*** Data for this task ***
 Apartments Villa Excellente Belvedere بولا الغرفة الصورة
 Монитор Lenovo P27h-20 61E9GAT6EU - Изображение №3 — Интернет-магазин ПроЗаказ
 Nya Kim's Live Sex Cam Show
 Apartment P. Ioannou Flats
*** End of Data for this task ***
*** Data for this task ***
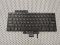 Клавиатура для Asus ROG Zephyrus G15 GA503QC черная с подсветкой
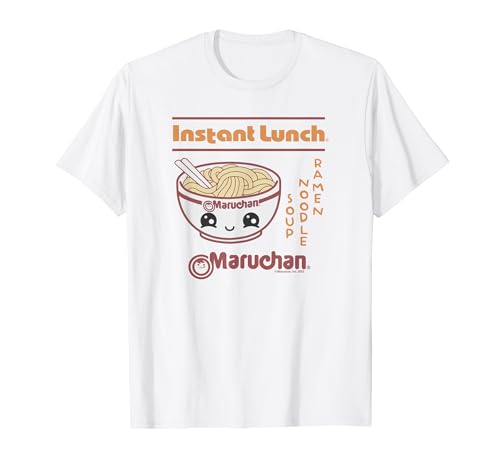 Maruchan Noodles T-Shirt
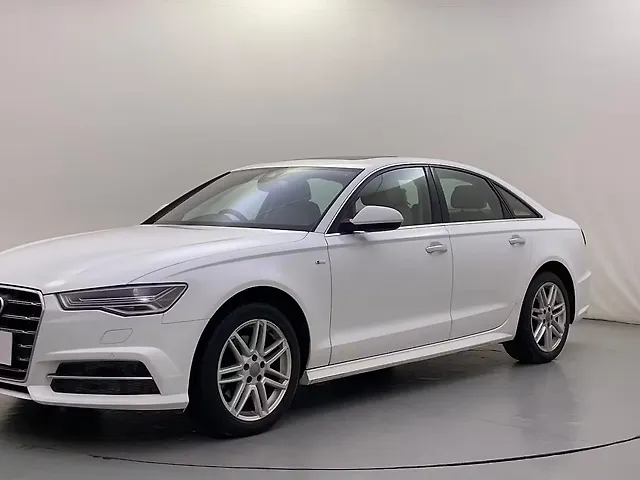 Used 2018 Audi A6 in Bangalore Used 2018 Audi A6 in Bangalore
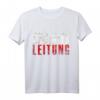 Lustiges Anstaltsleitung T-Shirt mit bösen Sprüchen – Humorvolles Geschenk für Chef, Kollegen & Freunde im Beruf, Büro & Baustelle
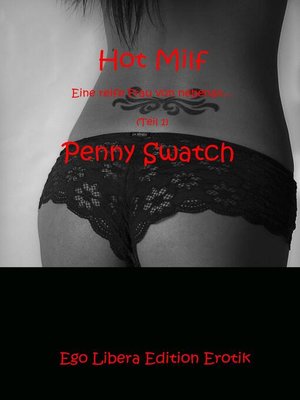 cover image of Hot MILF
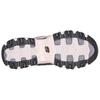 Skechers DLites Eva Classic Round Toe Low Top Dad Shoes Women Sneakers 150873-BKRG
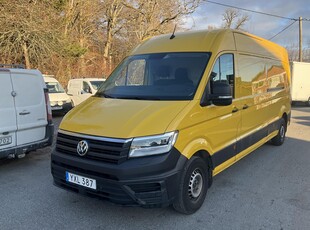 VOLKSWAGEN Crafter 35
*** End of Data for this task ***
*** Data for this task ***
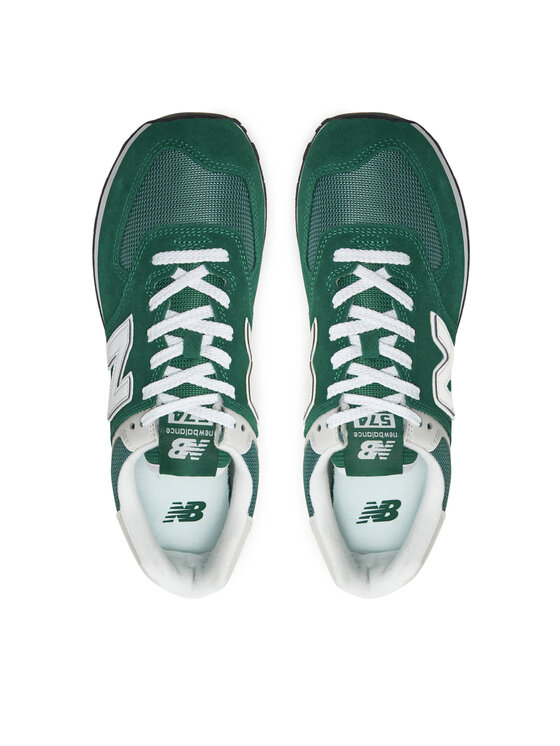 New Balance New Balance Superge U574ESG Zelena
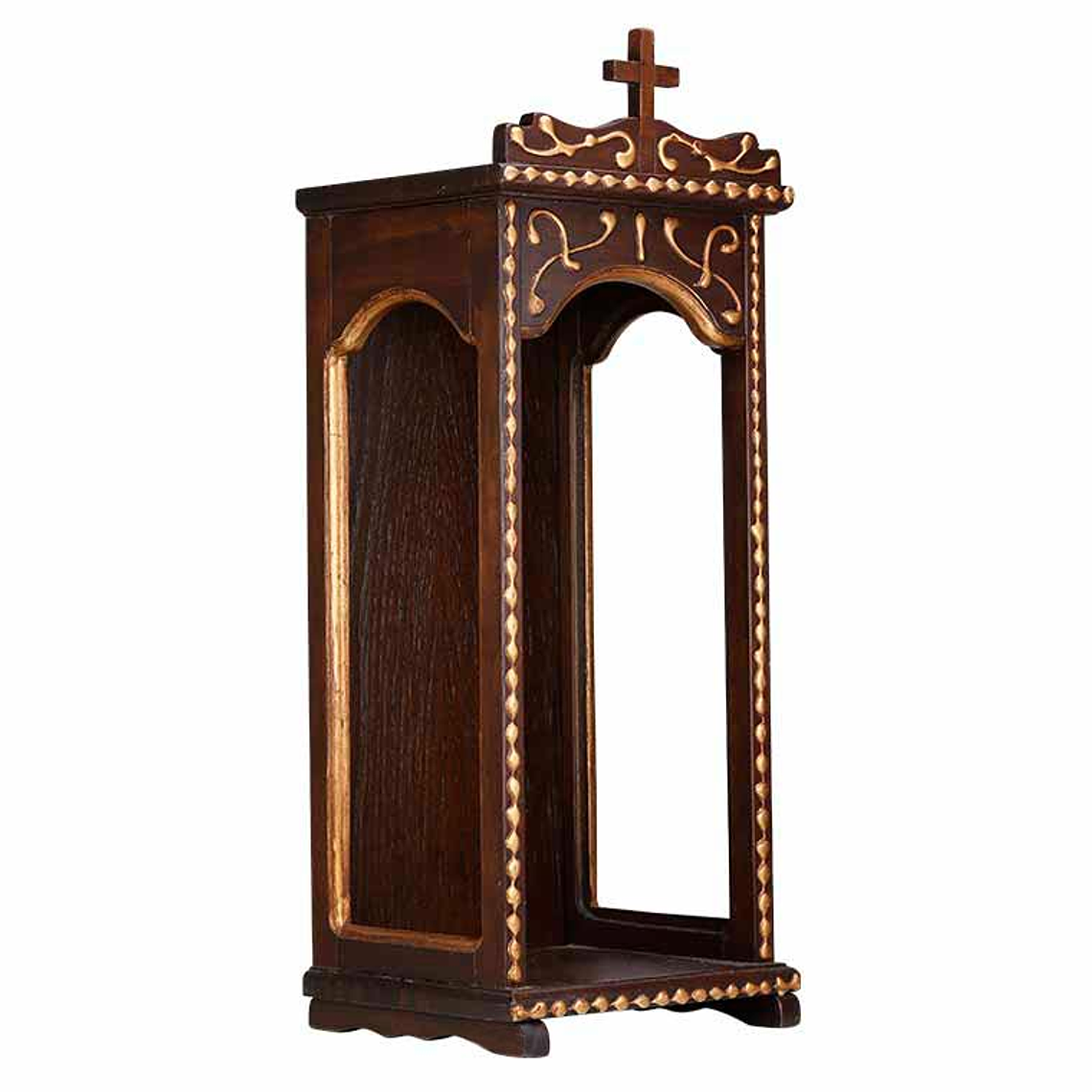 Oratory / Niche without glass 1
*** End of Data for this task ***
Description of the task: Above are records with pictures. Reproduce exactly only the lines from the line with "New Balance New" through the line with "Oratory / Niche without glass 1", both ends included, and leave the pictures out.

The completed task:
 New Balance New Balance Superge U574ESG Zelena
 Oratory / Niche without glass 1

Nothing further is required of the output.